Punirah était profondément endormie lorsque deux gros éléphants mâles ont pénétré dans son village. À 70 ans, elle n'était plus suffisamment alerte pour quitter sa maison à temps ; elle est donc morte piétinée lorsque les animaux à défenses, attirés par l'odeur de sucre et de sel venue de sa cuisine, ont démoli les légers murs de bois de sa petite maison.
Punirah n'est que la dernière victime en date d'animaux sauvages. Et la liste de morts s'allonge dramatiquement. Depuis le début de l'année, on a recensé pas moins de 10 attaques de tigres à Sumatra, dont huit mortelles. «Mais les tigres, ce n'est rien, même s'ils mangent les hommes, estime Dermawan, un paysan. Les éléphants sont bien pires, car eux détruisent nos récoltes sans qu'on ne puisse rien faire.» Près de chez lui, une autre femme est morte piétinée, l'année dernière. Mais les raids des animaux sur les vergers, eux, arrivent au moins une fois par semaine et les paysans, déjà pauvres, peuvent ainsi voir s'évanouir en une nuit le résultat de longues semaines de labeur.
Sur les 25 dernières années, Sumatra - une île grande comme la France - a perdu les deux tiers de sa couverture forestière. Par conséquent, l'habitat naturel des orangs-outangs, éléphants, rhinocéros et tigres de Sumatra, toutes des espèces protégées et en voie de disparition, a été détruit. Et au fur et à mesure que leur territoire rétrécit, ils se rapprochent de plus en plus fréquemment des zones habitées par les hommes à la recherche de nourriture. D'où des conflits hommes/animaux qui vont crescendo.
Patrouilles antiéléphants
Pour se protéger, les villageois déposent des poisons ou installent des pièges aux alentours de leurs champs. Voire abattent les animaux sauvages quand ils en ont la possibilité. Il n'y a pas de statistiques officielles précises quant au nombre d'animaux tués, puisque ces actes sont illégaux, mais depuis le début de l'année, au moins quatre tigres ont été abattus. Et selon l'ONG WWF, entre 2002 et 2007 le «conflit» a fait 42 victimes humaines et une centaine d'éléphants. En mars dernier, l'ONG ProFauna a recensé 12 pièges à tigres sur un seul parc national, sans pouvoir déterminer si ceux-ci avaient été mis en place pour protéger des villages limitrophes ou pour alimenter le trafic illégal d'animaux sauvages.

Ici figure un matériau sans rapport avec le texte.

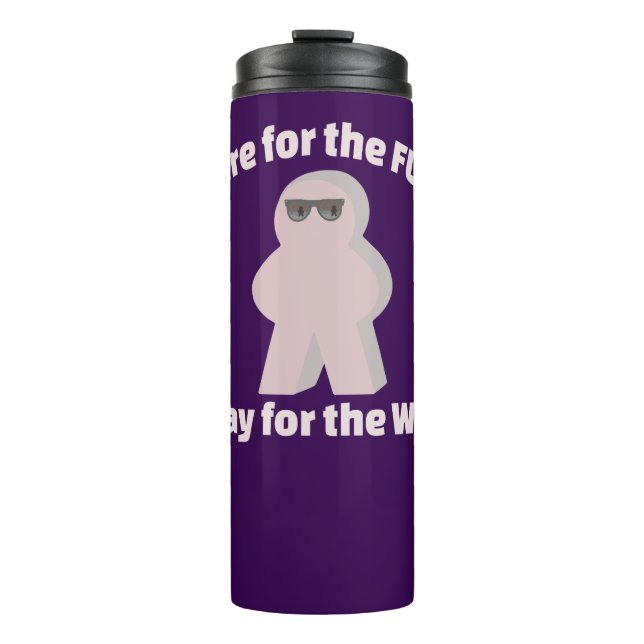 In For Fun Stay For Win Game Humour Thermal Tumbler (Front)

Deux ONG ont instauré des patrouilles antiéléphants pour tenter de limiter l'impact de l'opposition homme/animaux. Celle de Faune et Flore internationale (FFI) circule dans les montagnes d'Aceh, à l'extrémité Nord de Sumatra, à la limite de la «porte de la jungle» - un ancien pan de forêt récemment défriché - par lequel les éléphants sauvages pénètrent dans le territoire des hommes. Ici, quatre pachydermes domestiqués sont chargés de repousser dans la forêt leurs cousins sauvages qui viennent dévaster les champs des paysans. La formule «éviter le conflit de manière pacifique» semble efficace et a été adoptée par une grande plantation d'huile de palme de Sumatra. Toutefois, cela ne reste qu'une solution sur le court terme, particulièrement si le rythme de la déforestation ne faiblit pas.
La province d'Aceh est celle où les forêts restent les mieux préservées de l'île grâce, paradoxalement, à la guerre civile qui l'a déchirée pendant trente ans. Pendant cette période, la jungle était le domaine exclusif des guérilleros et de l'armée, où les tronçonneuses ne pouvaient pas pénétrer. Mais depuis la signature du traité de paix, en 2005, la forêt a commencé à être grignotée et les animaux, autrefois relégués au cœur de la jungle, s'aventurent de plus en plus sur ses lisières.
«Depuis la fin du conflit, on peut enfin travailler dans nos champs et gagner un peu d'argent. Mais on a un nouveau problème maintenant, car nous sommes entrés en guerre contre les animaux», résume Saiffuddin, chef d'un village proche de la brigade antiéléphants de FFI.